Supplied material:
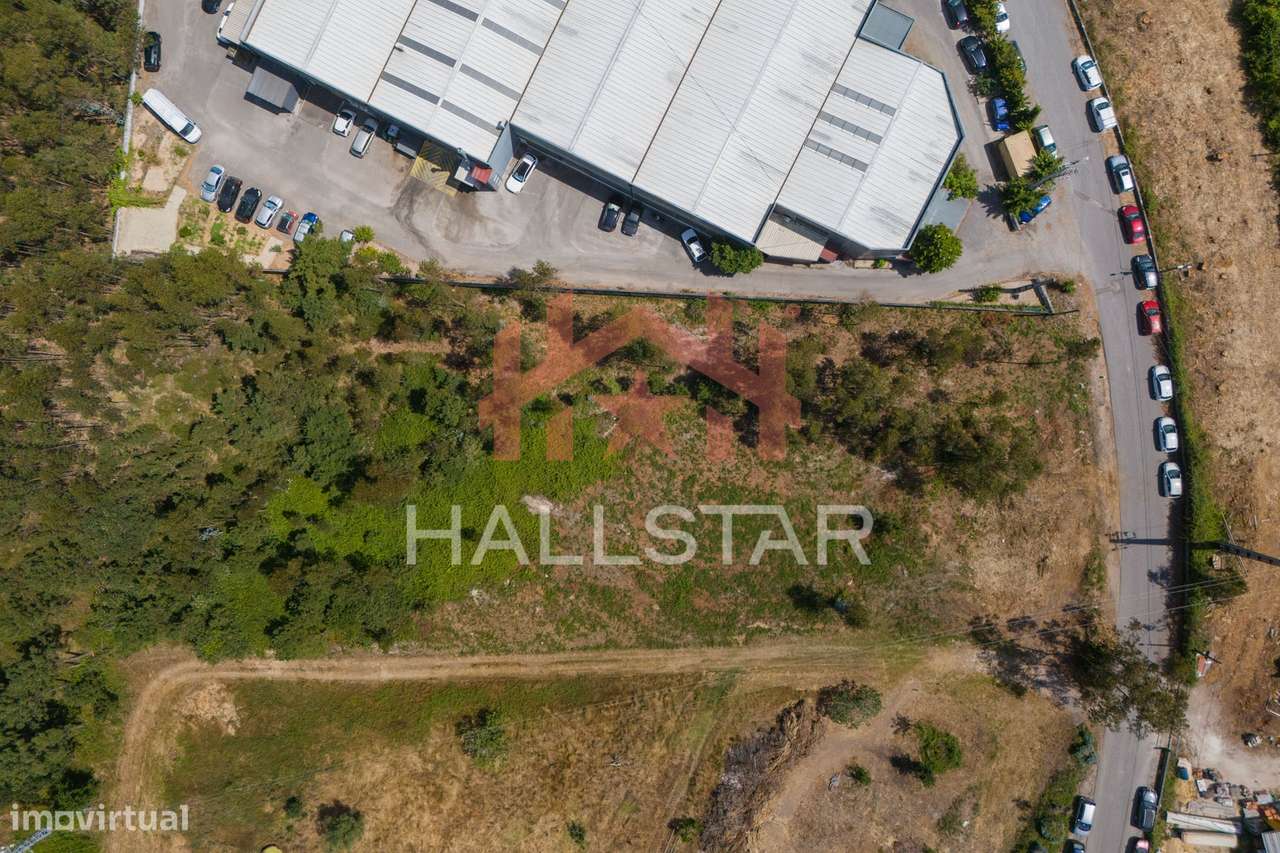 Terreno Industrial / Construção / Área Total 5.523m2 / Índice de 0.7 / - Grande imagem: 2/42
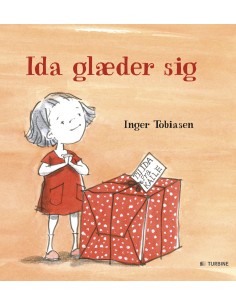 Ida glæder sig
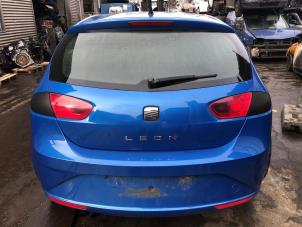 Used Tailgate Seat Leon (1P1) 1.4 TSI 16V Price on request offered by A-Team Automotive Rotterdam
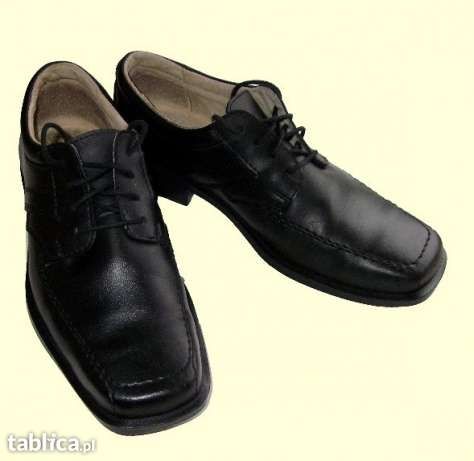 Buty do Komunii rozmiar 35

Your assignment:
For this exercise, retype exactly, and only, the lines from the line with "Ida glæder sig" through the last line of the material above, both included. Pictures stay out.

Solution:
 Ida glæder sig
 Used Tailgate Seat Leon (1P1) 1.4 TSI 16V Price on request offered by A-Team Automotive Rotterdam
 Buty do Komunii rozmiar 35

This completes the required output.